Four short links: 18 January 2016

Machine Learning Technical Debt, Audio Matching, Self-Tracking Research, and Baidu's Open Source Deep Learning Code

  1. Hidden Technical Debt in Machine Learning Systems (PDF) — We explore several ML-specific risk factors to account for in system design. These include boundary erosion, entanglement, hidden feedback loops, undeclared consumers, data dependencies, configuration issues, changes in the external world, and a variety of system-level anti-patterns.
  2. Large-Scale Content-Based Matching of Midi and Audio FilesWe present a system that can efficiently match and align MIDI files to entries in a large corpus of audio content based solely on content, i.e., without using any metadata.
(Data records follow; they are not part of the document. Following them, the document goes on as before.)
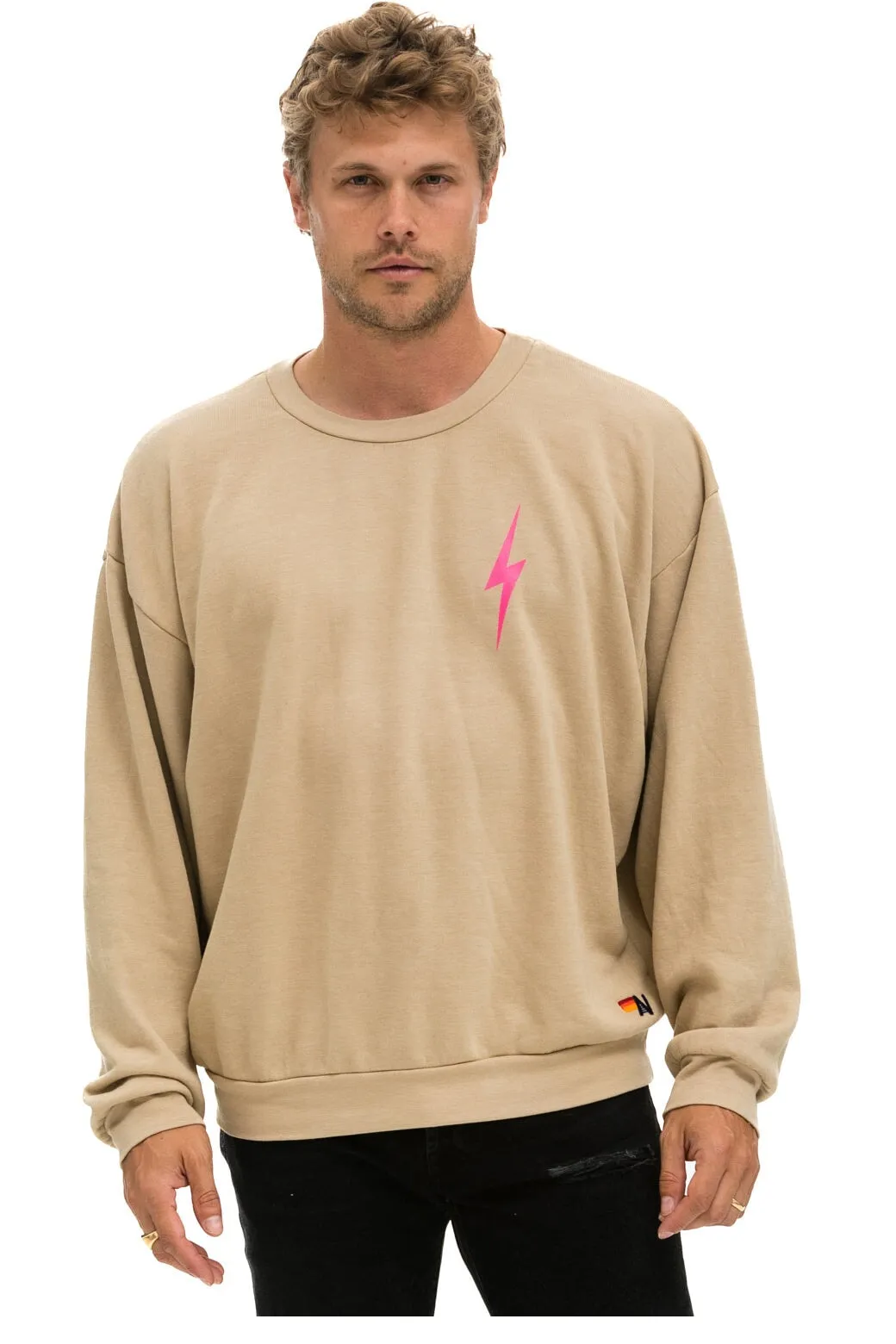 BOLT 2 RELAXED CREW SWEATSHIRT - SAND // NEON PINK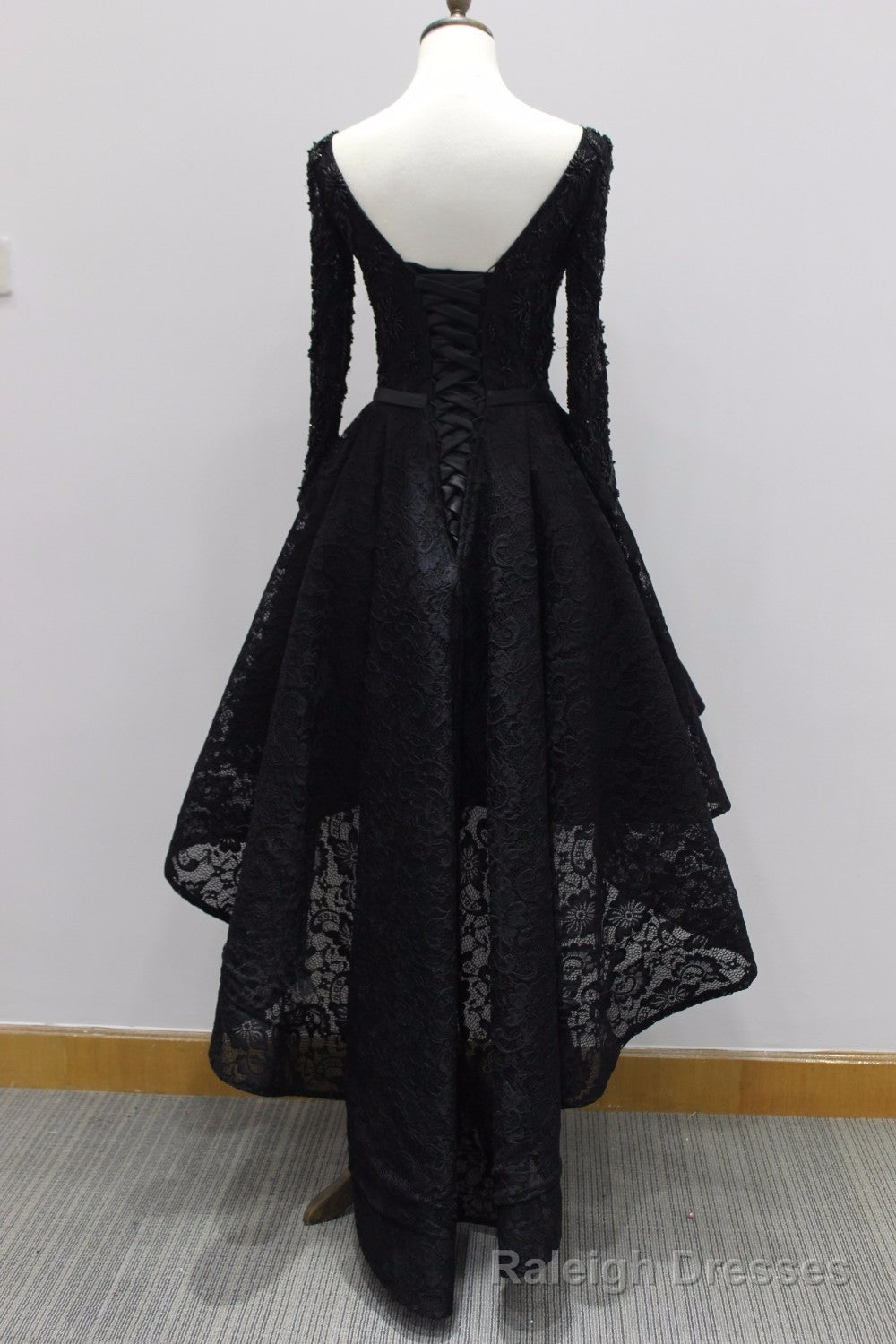 Long Sleeves Lace High Low Party Dress , Beaded Black Evening Dress Secondary image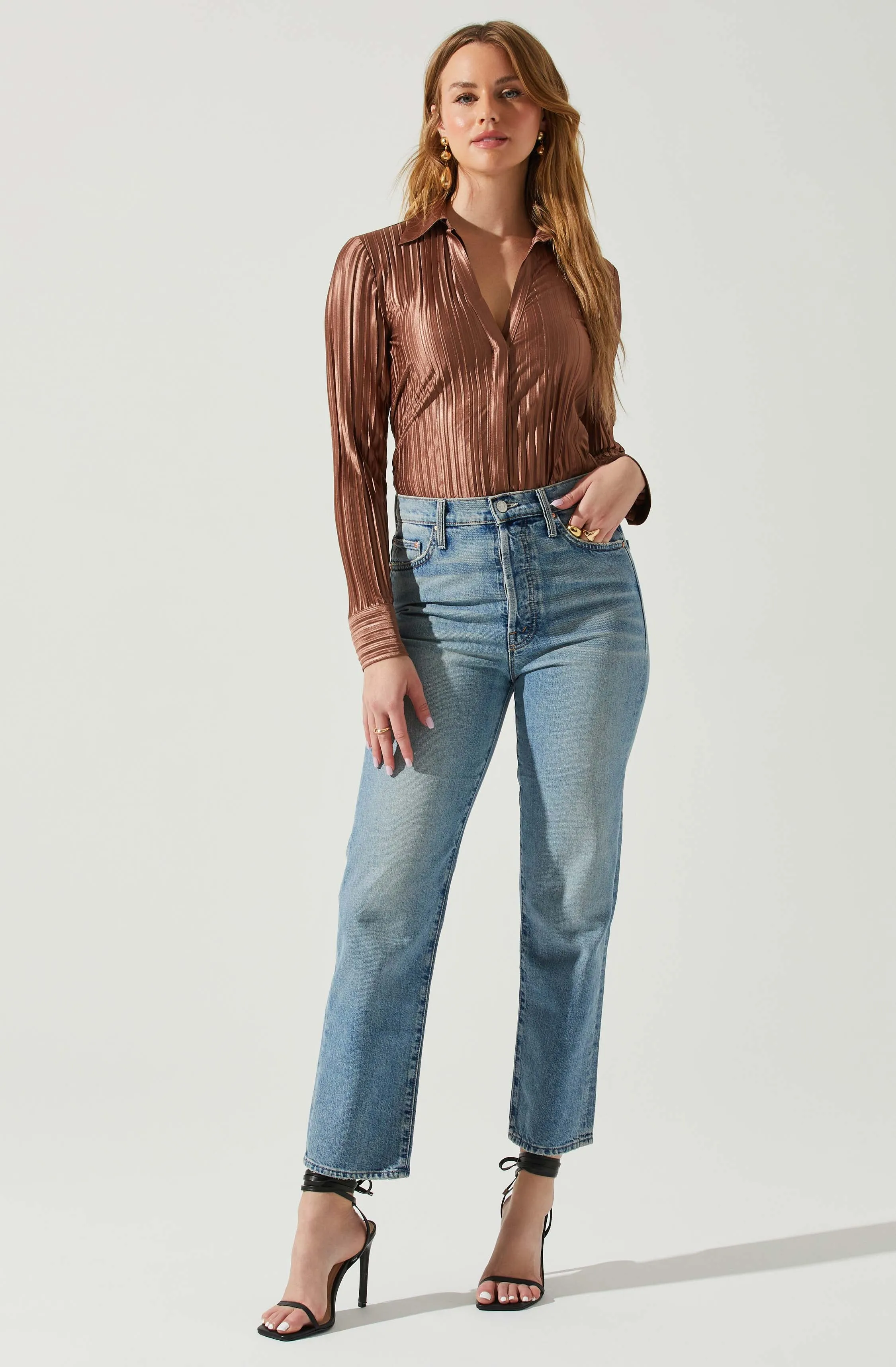 Laurel Satin Pleated Long Sleeve Top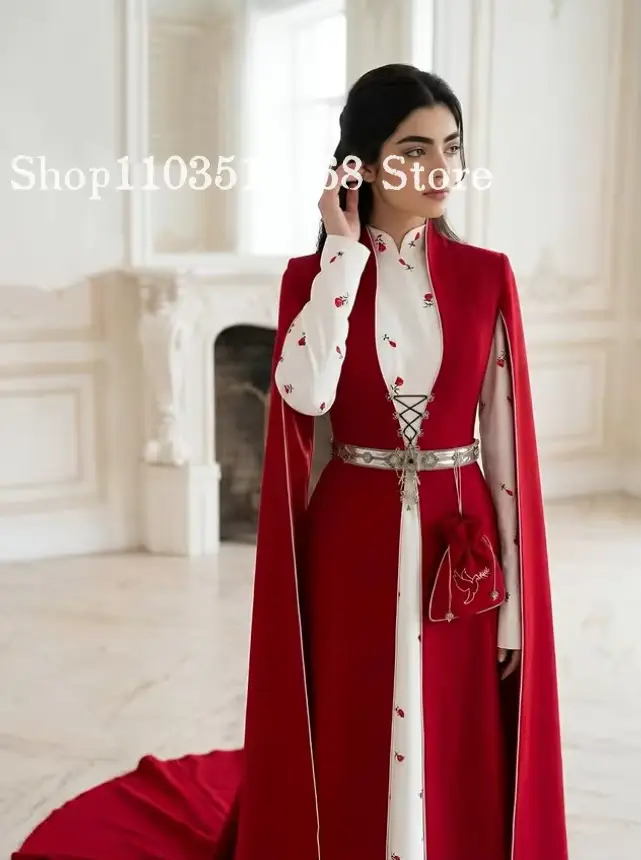 Robe de mariée musulmane rouge personnalisée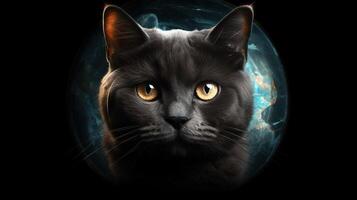 International cat day, fluffy cat close-up with effects. Pet, dark background, close-up. AI generated. photo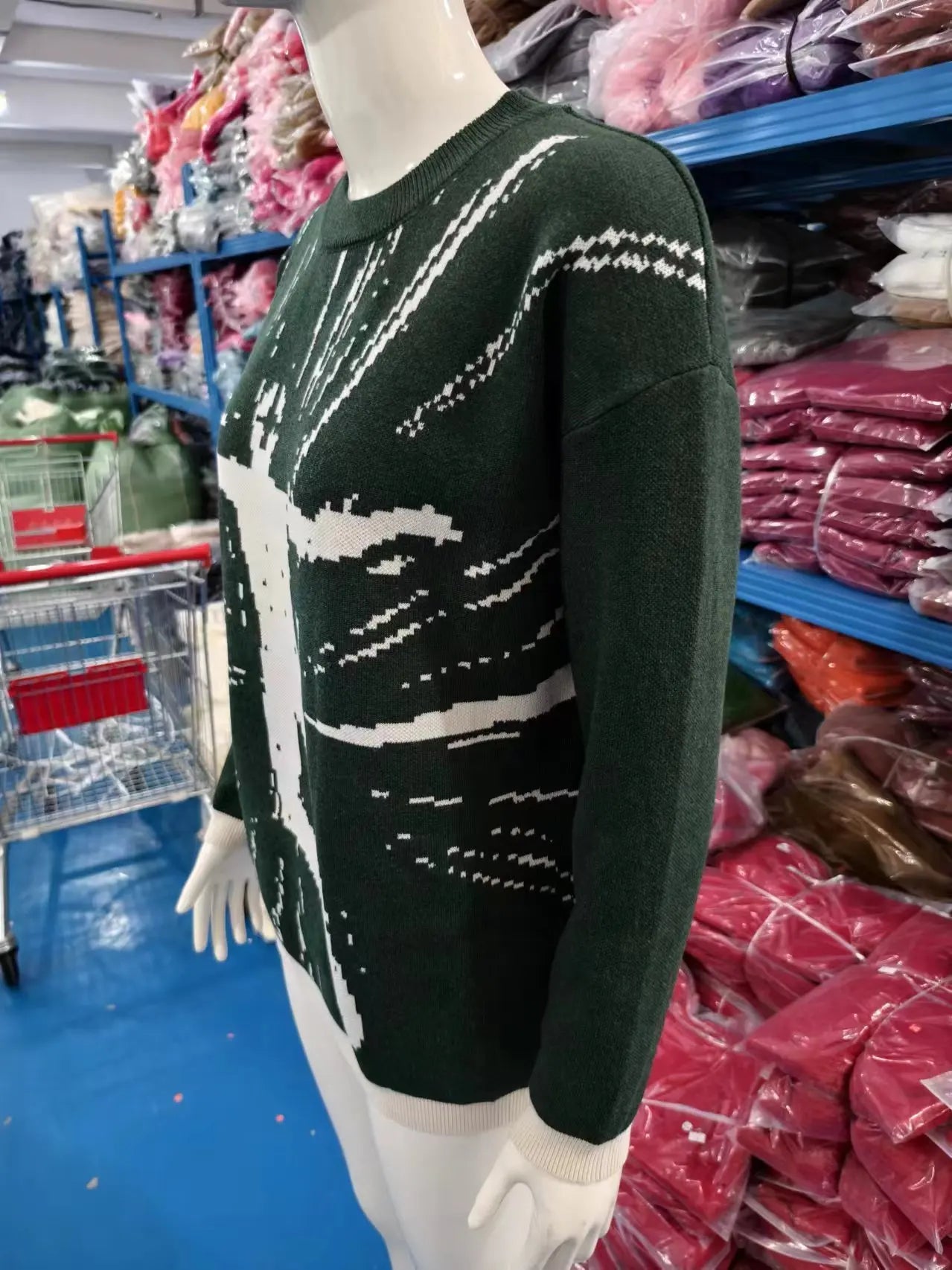 Casual Commuter Style Oversized round Neck Knitwear Women's Pullover Sweater Geometric Pattern Long Sleeve Comfortable Leisure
  3. Critical Social Research on Self-TrackingI am currently working on an article that is a comprehensive review of both literatures, in the attempt to outline what each can contribute to understanding self-tracking as an ethos and a practice, and its wider sociocultural implications. Here is a reading list of the work from critical social researchers that I am aware of. Trigger warning: phrases like “The discursive construction of student subjectivities.”
  4. Warp-CTC — Baidu’s open source deep learning code. Connectionist Temporal Classification is a loss function useful for performing supervised learning on sequence data, without needing an alignment between input data and labels.